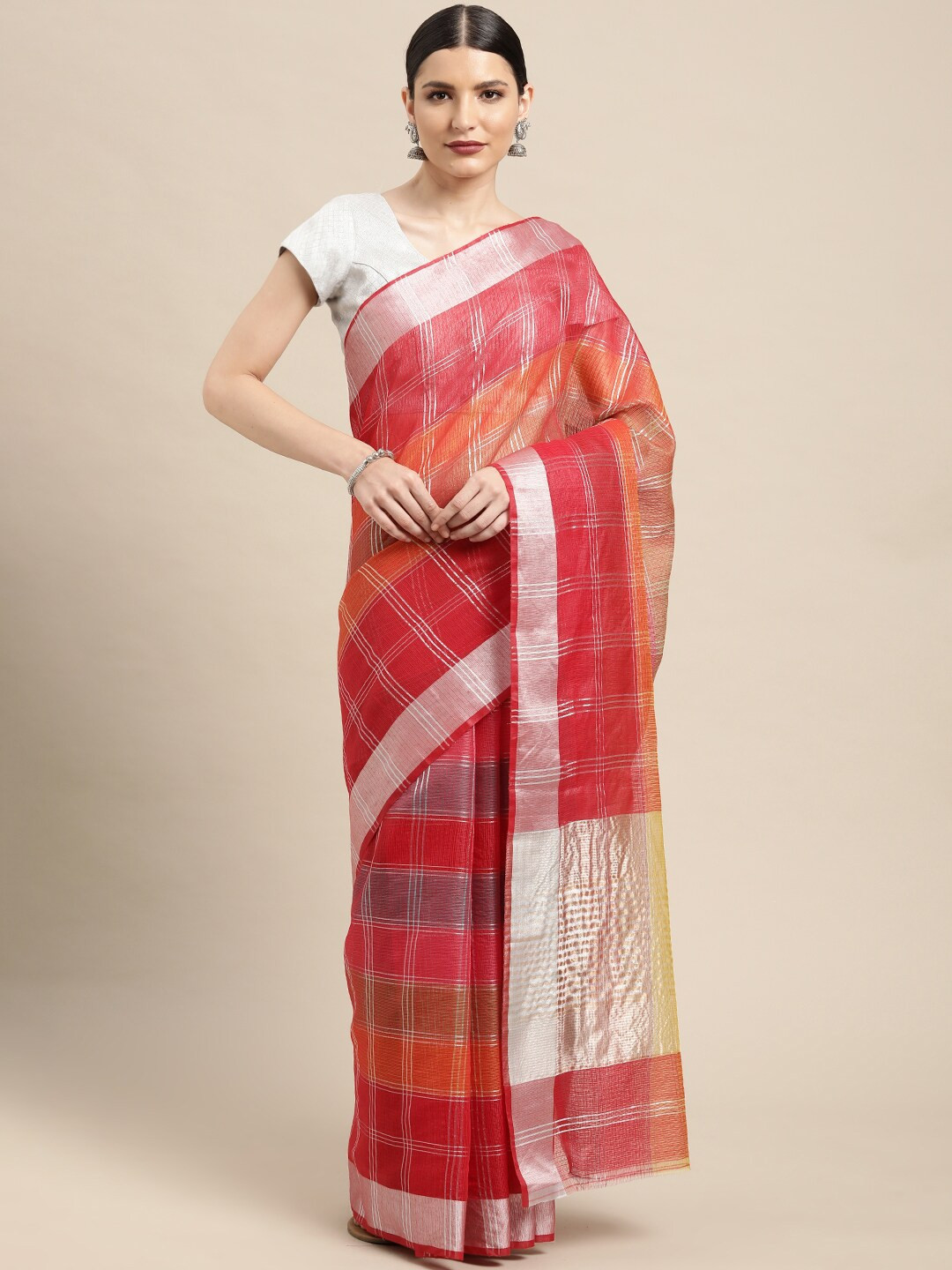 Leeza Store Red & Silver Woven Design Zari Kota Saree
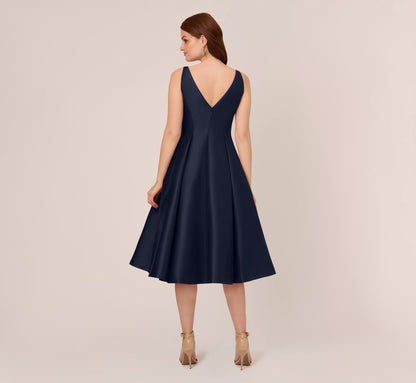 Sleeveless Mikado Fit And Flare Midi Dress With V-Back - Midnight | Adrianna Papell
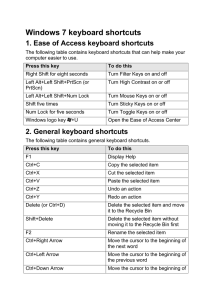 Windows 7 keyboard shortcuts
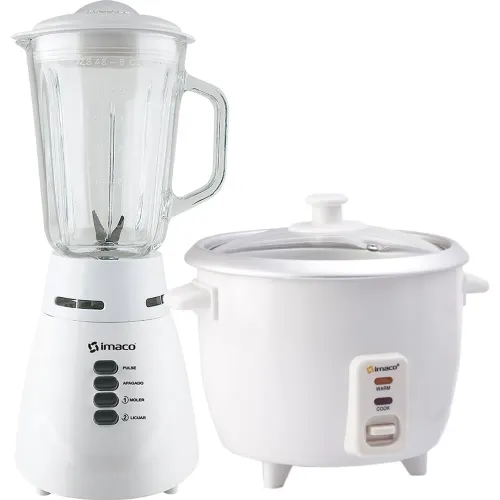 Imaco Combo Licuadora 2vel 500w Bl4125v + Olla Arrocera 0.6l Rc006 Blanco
= = = = =
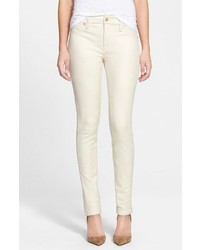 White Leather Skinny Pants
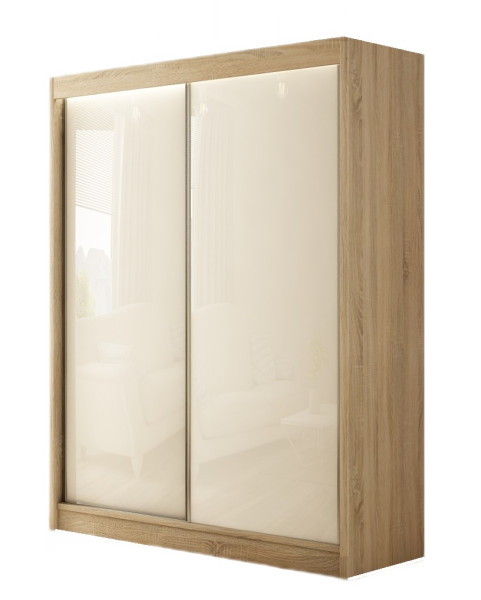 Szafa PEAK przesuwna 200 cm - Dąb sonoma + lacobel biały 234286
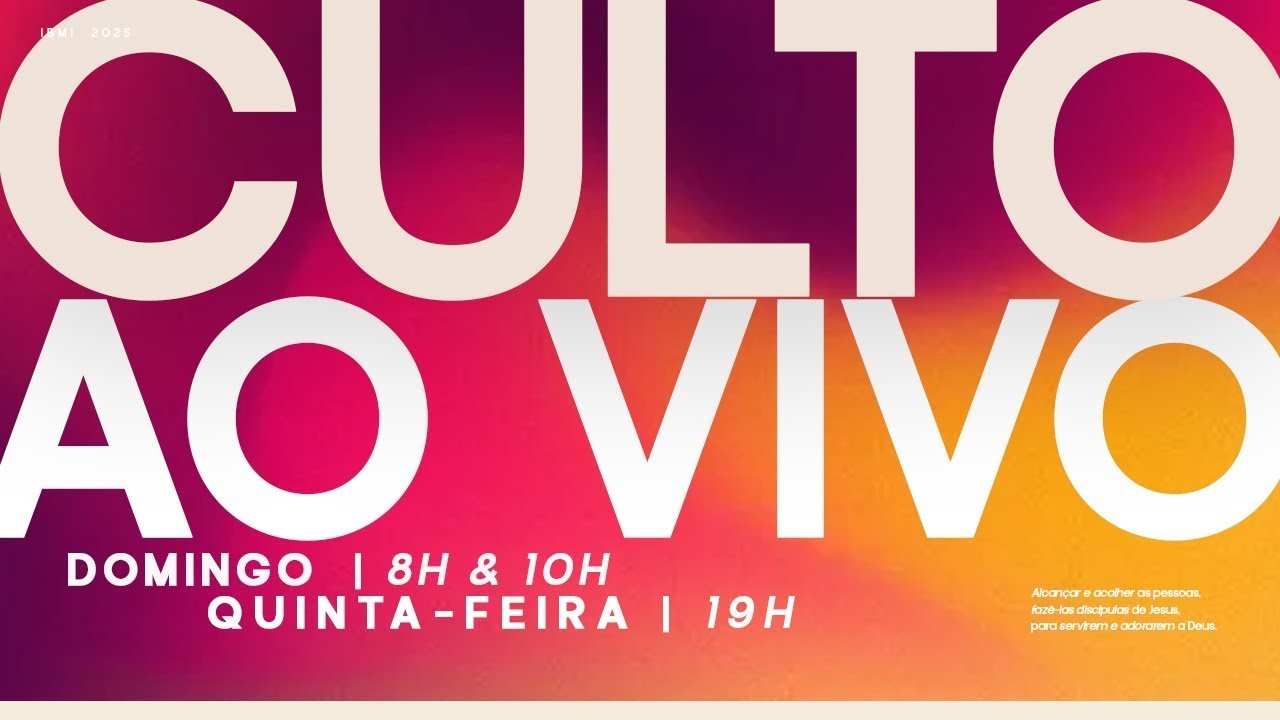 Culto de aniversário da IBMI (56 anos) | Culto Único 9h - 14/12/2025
= = = = =
§ **WORK TO COMPLETE**: Starting with the line above that holds "White Leather Skinny Pants", restate each line word for word up to and including the line that holds "Culto de aniversário". Drop the pictures.

§ **WRITTEN ANSWER**:
 White Leather Skinny Pants
 Szafa PEAK przesuwna 200 cm - Dąb sonoma + lacobel biały 234286
 Culto de aniversário da IBMI (56 anos) | Culto Único 9h - 14/12/2025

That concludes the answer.